This time last year I wrote about Geoff Thomas' victory in the last grand final, a victory which put him into the ranks of the great ones who managed to achieve the Mastermind/Brain of Britain double. I was already intending to apply for the latest series even then, but I little thought that I would be one of the contestants in the next grand final. If you listened then you'll know that I fell considerably short of emulating Geoff's achievement, but then that was always likely to happen, given the calibre of the other finalists. As has become traditional, with your indulgence I will share my thoughts about the final, which I wrote the evening after the final was recorded : -
After the two semi finals were recorded Paul Bajoria, the producer, announced the line up for the final. The four semi-final winners were: -
David Clark – me
This was quite some food for thought. The only thing I had with which to make a comparison was my Mastermind Final. Then, though, I didn’t know who else was in the final until the actual day of the final itself. Then when I did meet them, I didn’t actually already know any of them before.
This time, I already knew of my three fellow finalists, and more than that, I had met all of them before, and started to get to know each of them to a greater or lesser extent. More than that, I knew about each of them by reputation as well. And believe me, each of them needed to be taken seriously, and not just because they had reached this final, either.

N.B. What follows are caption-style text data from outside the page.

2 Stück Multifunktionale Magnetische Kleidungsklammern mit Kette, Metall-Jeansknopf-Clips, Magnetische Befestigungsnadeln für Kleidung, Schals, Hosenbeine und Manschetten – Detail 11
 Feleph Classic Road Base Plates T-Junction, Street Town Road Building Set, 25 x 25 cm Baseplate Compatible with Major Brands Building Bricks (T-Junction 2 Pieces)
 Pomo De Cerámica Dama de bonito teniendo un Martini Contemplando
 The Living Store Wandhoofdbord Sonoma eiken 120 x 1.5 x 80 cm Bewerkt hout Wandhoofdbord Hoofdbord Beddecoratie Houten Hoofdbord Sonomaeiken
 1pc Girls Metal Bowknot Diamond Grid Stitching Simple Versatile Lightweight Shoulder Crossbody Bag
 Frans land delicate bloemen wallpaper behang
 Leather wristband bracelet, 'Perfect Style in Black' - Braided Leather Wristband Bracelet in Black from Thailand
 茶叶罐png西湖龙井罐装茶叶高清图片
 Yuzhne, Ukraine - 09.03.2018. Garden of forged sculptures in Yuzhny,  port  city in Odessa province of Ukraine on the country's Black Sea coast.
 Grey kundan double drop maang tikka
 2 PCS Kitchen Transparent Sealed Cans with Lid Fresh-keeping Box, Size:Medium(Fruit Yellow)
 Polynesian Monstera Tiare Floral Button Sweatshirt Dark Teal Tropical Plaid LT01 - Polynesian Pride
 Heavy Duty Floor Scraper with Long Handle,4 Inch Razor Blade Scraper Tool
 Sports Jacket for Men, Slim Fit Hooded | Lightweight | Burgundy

Rob I knew because we posted on the same internet forum, and we had met at the Cardiff Grand Prix. He tended to sell himself short , because he’s younger, and has less experience than the rest of us. Still, he is , in my opinion, one of the top young quizzers in the country, and he sets some wonderful quizzes himself. Rob had won two terrific if close victories in his first round and his semi final, In the heat he had won on a tie break, buzzing in like lightning to take the win by a point. Then in the semi he had been behind the opposition throughout the whole contest, although never trailing by more than one or two points, but a super last round gave him the win by a short head.
Ian I knew by reputation before I ever met him in the flesh. A top 5 ranked quizzer nationally, he had appeared in the first series of “Are You An Egghead ?” and been a key member of the Crossworders, the first ever winners of BBC’s fiendish quiz “Only Connect”. He had been a previous finalist on Brain of Britain, and in 2009 was the runner up in the Grand Final of Mastermind. His Brain of Britain first round heat had been recorded before mine, and he had scored an incredible 33 points. His semi final had been closer. For reasons best known to themselves the production team had put the next two highest scorers in the first round into Ian’s semi final, and although he led for pretty much all of the way, he only won by a point.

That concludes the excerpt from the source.